It was always bizarre. Now it's downright pathetic. And the more things spin out of their control, the more pathetic it gets--as in the latest cringe-making press conference by Little George ("extremist group of folks") so dramatically illustrated. It gets more and more pathetic because the whole point of expressions like "bad guys" and "folks" has been to convey a serene self-assurance. You could always see in their faces, as they said those words, the reassurance they drew from them, and from the attitudes that went with them.

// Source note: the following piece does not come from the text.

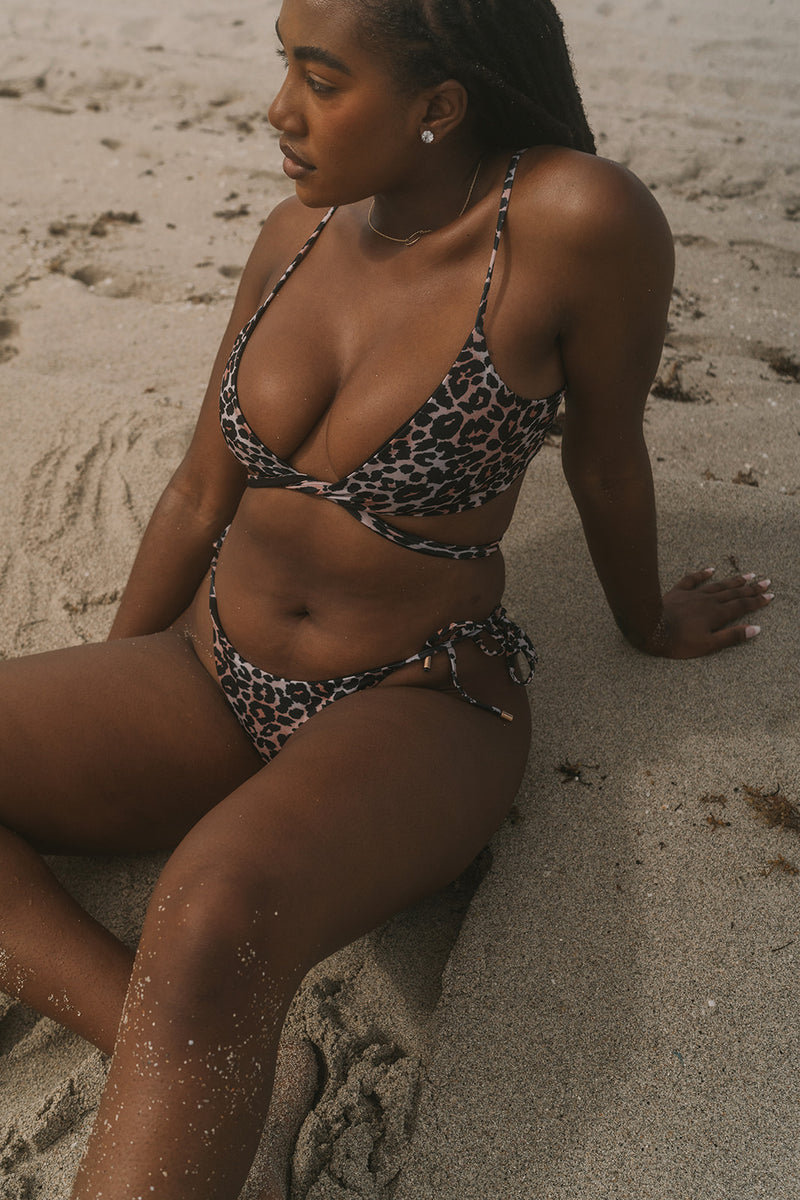 String Bikini Bottom - Leopard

Now you can see that they are using them to try to make themselves feel as confident as they once actually did--though, in fact, the whole thing is slipping away and they are getting desperate. The mannerisms are out of synch, the flat-handed, on-the-level decision gesture comes a beat to late and lasts a beat too long. That faux-modest, down-casting eye, supplemented by that affirming little nod--it is beginning to look like hiding. They've taken to imitating themselves. They don't know what else to do as reality overwhelms the dream world they built out of bromides.
"Folks," like "bad guys," is above all a homey locution. It says that all you really need to know in this world is what you grow up knowing in the heartland. No need for fancy book-learning from pointy-headed intellectuals--those so-called "experts" on other so-called "cultures." Because, when you get right down to it, folks are pretty much the same everywhere; there's the good ones, who get up every day and try to raise their families, and the bad ones--the bad guys, who get up every day, and look for ways to do evil.
"Folks" says to the American people: don't bother with details, everything is as obvious as I say it is. And "bad guys" says to the American people: don't worry, we will do what it takes. We are the good guys--and the tough guys. Go back to sleep.
Well--it took a while, an inexcusably long while--but a lot of those American folks seem finally to be waking up. And Little George and his Manly Men posture on.